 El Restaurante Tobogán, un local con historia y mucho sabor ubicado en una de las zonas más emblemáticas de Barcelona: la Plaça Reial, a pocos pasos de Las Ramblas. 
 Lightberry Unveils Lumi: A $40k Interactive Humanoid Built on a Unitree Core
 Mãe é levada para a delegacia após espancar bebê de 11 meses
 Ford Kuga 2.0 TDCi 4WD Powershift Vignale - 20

********

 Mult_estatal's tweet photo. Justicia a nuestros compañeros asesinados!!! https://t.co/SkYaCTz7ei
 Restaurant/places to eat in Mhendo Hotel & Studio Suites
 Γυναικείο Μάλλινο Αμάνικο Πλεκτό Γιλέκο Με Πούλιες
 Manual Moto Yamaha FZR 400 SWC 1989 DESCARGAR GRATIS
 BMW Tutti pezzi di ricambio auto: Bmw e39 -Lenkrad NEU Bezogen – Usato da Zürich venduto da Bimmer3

********

**Task brief**
Only the lines above from the one with "Manual Moto Yamaha" up to and including the one with "BMW Tutti pezzi" should be repeated, exactly as written.

**Result for this task**
 Manual Moto Yamaha FZR 400 SWC 1989 DESCARGAR GRATIS
 BMW Tutti pezzi di ricambio auto: Bmw e39 -Lenkrad NEU Bezogen – Usato da Zürich venduto da Bimmer3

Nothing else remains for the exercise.